Task brief —
Copy the data exactly, keeping every line intact.

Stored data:
★ ★ ★

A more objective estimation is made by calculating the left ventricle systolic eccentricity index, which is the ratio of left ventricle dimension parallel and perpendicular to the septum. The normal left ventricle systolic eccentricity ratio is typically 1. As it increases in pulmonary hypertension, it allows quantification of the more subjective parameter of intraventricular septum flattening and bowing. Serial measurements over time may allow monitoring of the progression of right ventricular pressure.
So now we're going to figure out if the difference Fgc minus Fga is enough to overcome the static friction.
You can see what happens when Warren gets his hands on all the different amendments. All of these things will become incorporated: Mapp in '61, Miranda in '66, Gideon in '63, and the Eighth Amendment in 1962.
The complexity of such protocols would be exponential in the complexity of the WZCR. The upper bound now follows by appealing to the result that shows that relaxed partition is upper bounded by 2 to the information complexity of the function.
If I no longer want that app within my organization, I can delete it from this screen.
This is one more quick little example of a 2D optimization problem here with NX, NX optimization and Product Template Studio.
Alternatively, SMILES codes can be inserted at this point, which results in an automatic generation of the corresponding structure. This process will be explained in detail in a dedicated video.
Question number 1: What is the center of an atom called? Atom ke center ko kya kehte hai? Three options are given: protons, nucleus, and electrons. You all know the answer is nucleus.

★ ★ ★

Written solution —
A more objective estimation is made by calculating the left ventricle systolic eccentricity index, which is the ratio of left ventricle dimension parallel and perpendicular to the septum. The normal left ventricle systolic eccentricity ratio is typically 1. As it increases in pulmonary hypertension, it allows quantification of the more subjective parameter of intraventricular septum flattening and bowing. Serial measurements over time may allow monitoring of the progression of right ventricular pressure.
So now we're going to figure out if the difference Fgc minus Fga is enough to overcome the static friction.
You can see what happens when Warren gets his hands on all the different amendments. All of these things will become incorporated: Mapp in '61, Miranda in '66, Gideon in '63, and the Eighth Amendment in 1962.
The complexity of such protocols would be exponential in the complexity of the WZCR. The upper bound now follows by appealing to the result that shows that relaxed partition is upper bounded by 2 to the information complexity of the function.
If I no longer want that app within my organization, I can delete it from this screen.
This is one more quick little example of a 2D optimization problem here with NX, NX optimization and Product Template Studio.
Alternatively, SMILES codes can be inserted at this point, which results in an automatic generation of the corresponding structure. This process will be explained in detail in a dedicated video.
Question number 1: What is the center of an atom called? Atom ke center ko kya kehte hai? Three options are given: protons, nucleus, and electrons. You all know the answer is nucleus.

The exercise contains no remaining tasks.